Provided entries
++++++

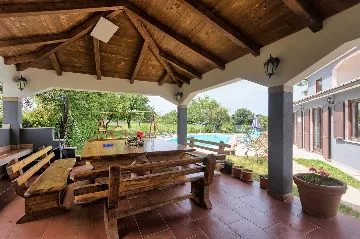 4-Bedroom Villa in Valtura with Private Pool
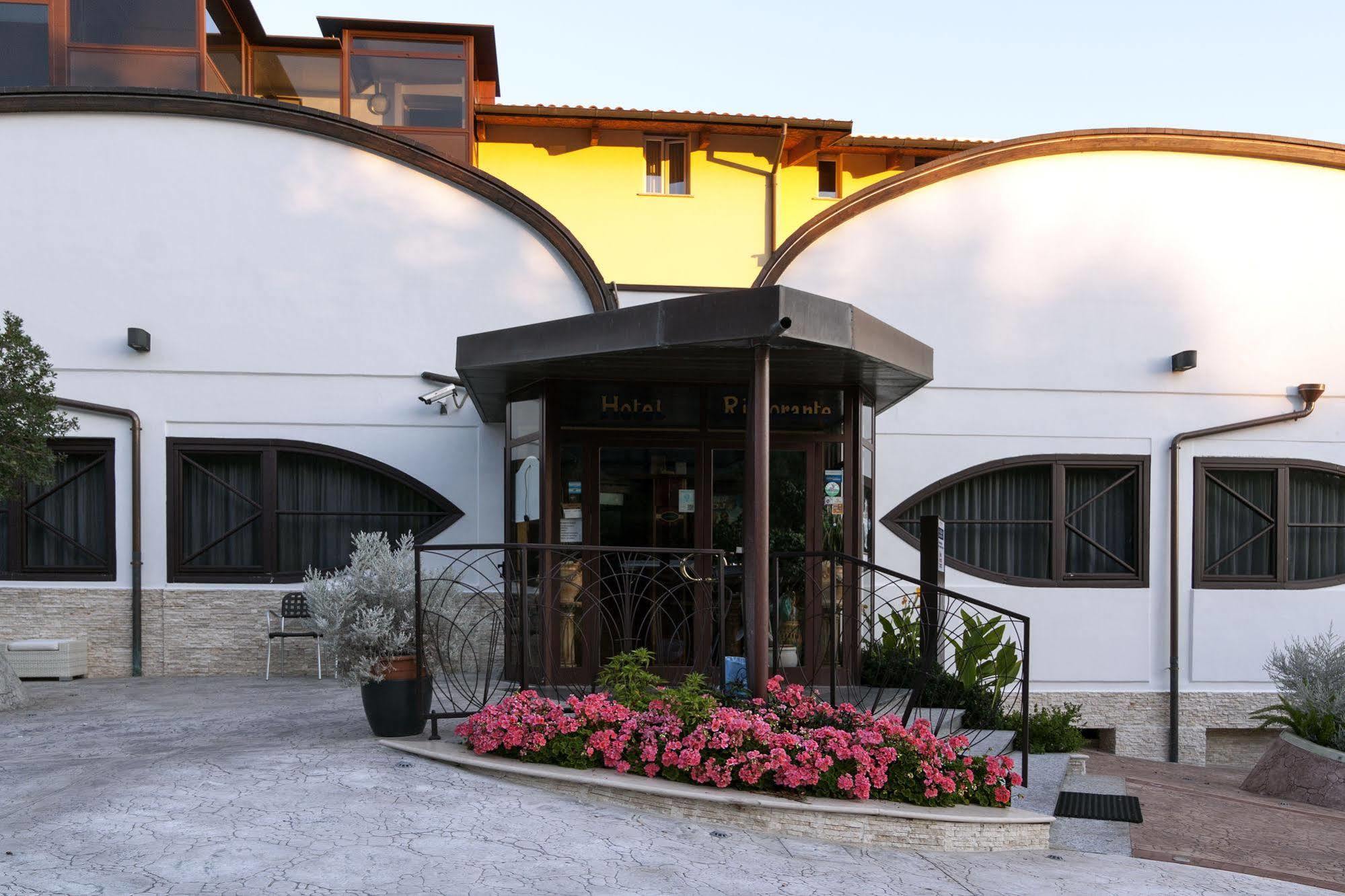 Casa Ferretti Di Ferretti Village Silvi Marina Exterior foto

++++++

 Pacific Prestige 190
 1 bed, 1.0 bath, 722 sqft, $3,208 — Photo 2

++++++

Brief
Beginning with the line above that contains "4-Bedroom Villa in Valtura with Private Pool" and finishing with the line that contains "Casa Ferretti Di", print those lines exactly and only. Skip all pictures.

Exercise response
 4-Bedroom Villa in Valtura with Private Pool
 Casa Ferretti Di Ferretti Village Silvi Marina Exterior foto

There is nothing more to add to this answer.